● **Description of the task**: Quote the whole listing exactly. Leave the pictures out of your copy.

"""

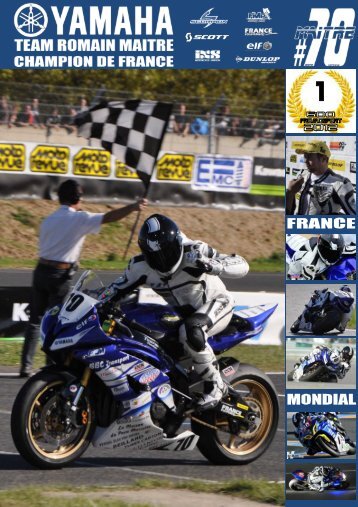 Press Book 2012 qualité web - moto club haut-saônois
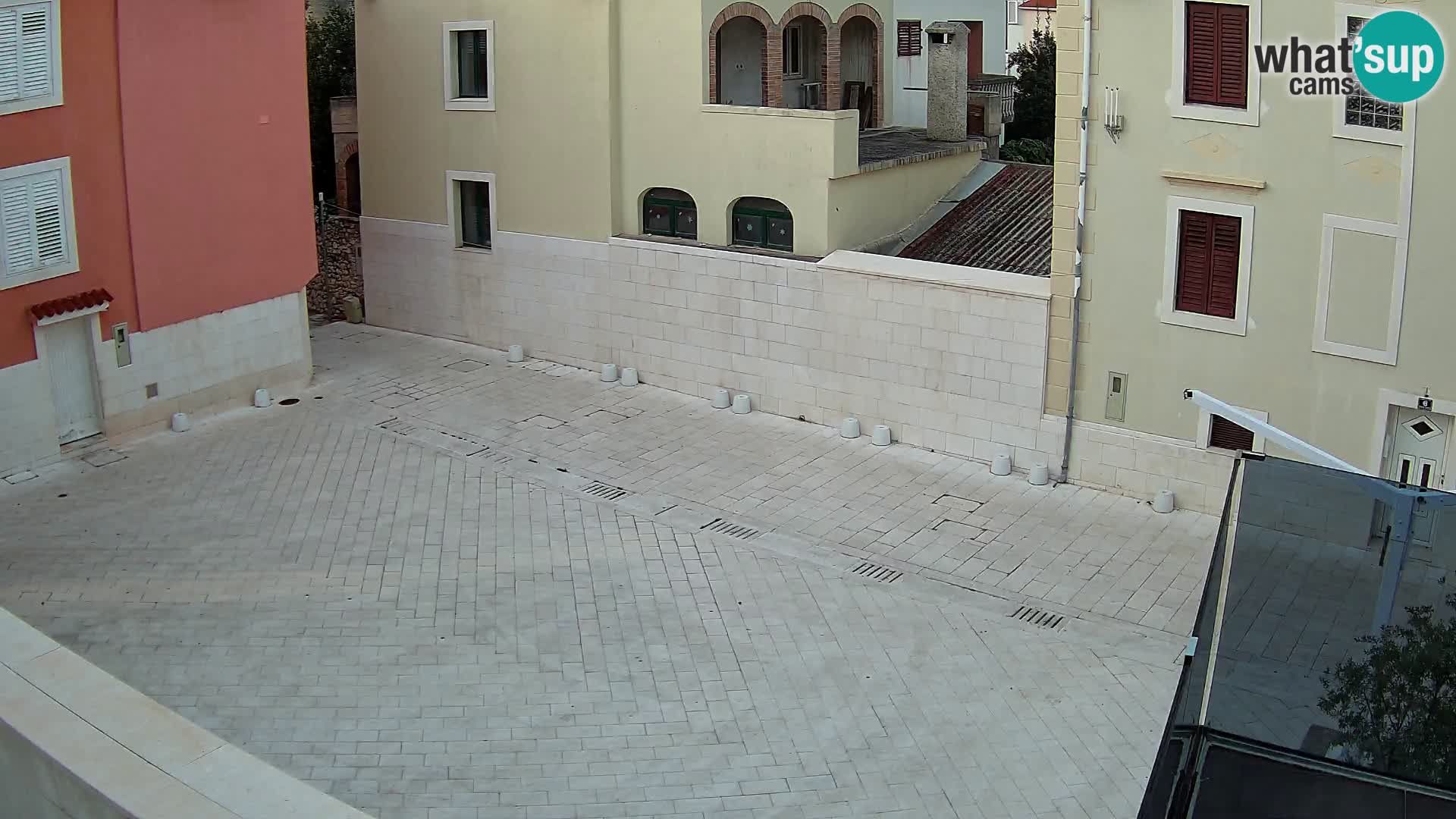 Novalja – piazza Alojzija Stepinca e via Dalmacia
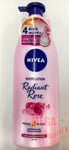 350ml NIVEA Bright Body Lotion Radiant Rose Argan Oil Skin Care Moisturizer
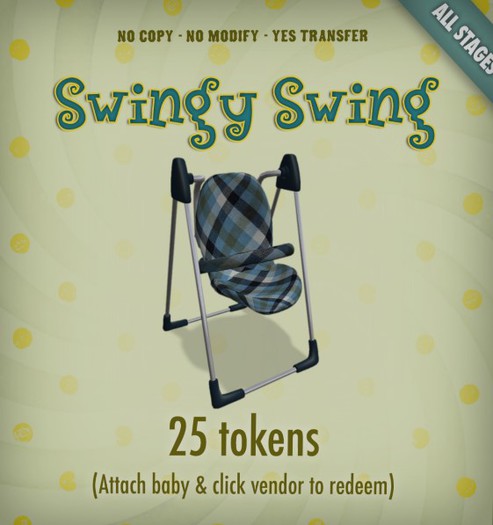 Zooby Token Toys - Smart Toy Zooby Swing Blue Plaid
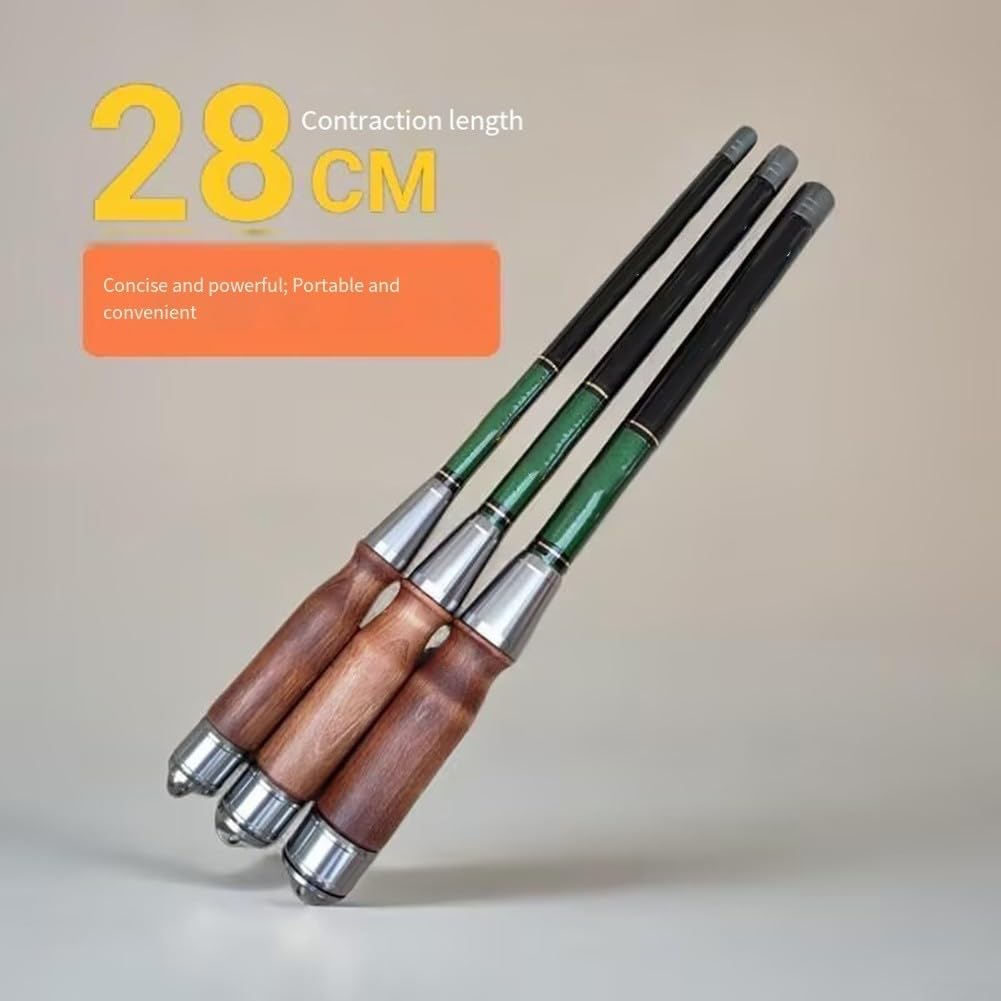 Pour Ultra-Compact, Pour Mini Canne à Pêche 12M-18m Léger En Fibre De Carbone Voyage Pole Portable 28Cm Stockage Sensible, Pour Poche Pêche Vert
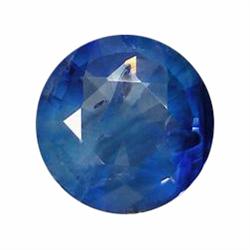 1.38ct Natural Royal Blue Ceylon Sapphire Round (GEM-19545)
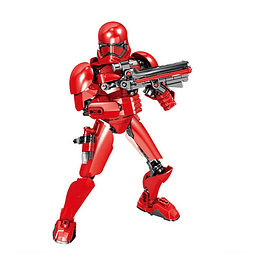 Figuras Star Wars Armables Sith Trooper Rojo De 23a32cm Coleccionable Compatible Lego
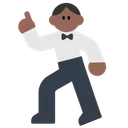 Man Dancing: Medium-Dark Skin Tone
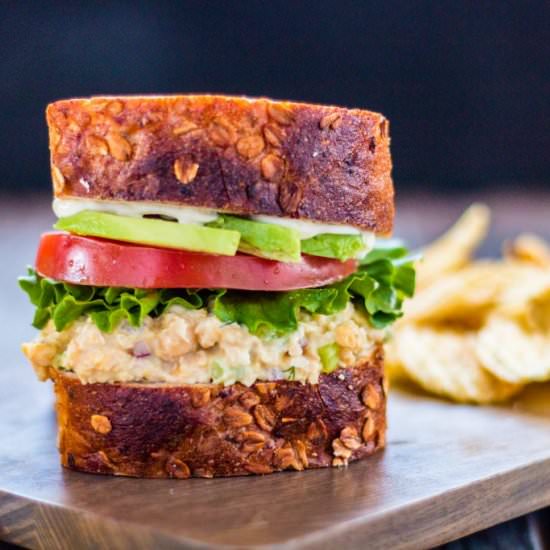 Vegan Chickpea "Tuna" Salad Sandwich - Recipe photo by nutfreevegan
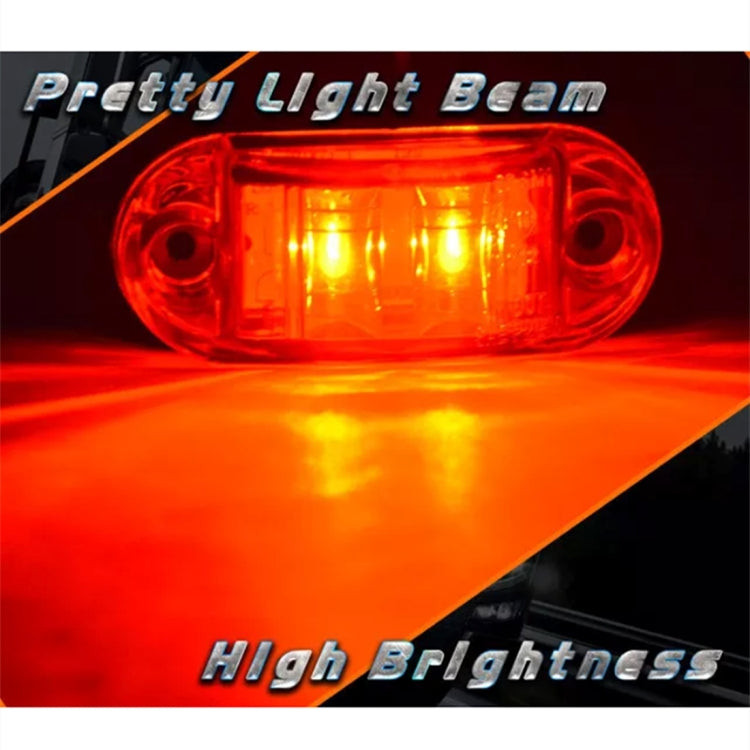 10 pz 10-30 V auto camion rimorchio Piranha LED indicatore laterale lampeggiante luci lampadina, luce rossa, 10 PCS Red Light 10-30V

"""

● **The completed task**:
 Press Book 2012 qualité web - moto club haut-saônois
 Novalja – piazza Alojzija Stepinca e via Dalmacia
 350ml NIVEA Bright Body Lotion Radiant Rose Argan Oil Skin Care Moisturizer
 Zooby Token Toys - Smart Toy Zooby Swing Blue Plaid
 Pour Ultra-Compact, Pour Mini Canne à Pêche 12M-18m Léger En Fibre De Carbone Voyage Pole Portable 28Cm Stockage Sensible, Pour Poche Pêche Vert
 1.38ct Natural Royal Blue Ceylon Sapphire Round (GEM-19545)
 Figuras Star Wars Armables Sith Trooper Rojo De 23a32cm Coleccionable Compatible Lego
 Man Dancing: Medium-Dark Skin Tone
 Vegan Chickpea "Tuna" Salad Sandwich - Recipe photo by nutfreevegan
 10 pz 10-30 V auto camion rimorchio Piranha LED indicatore laterale lampeggiante luci lampadina, luce rossa, 10 PCS Red Light 10-30V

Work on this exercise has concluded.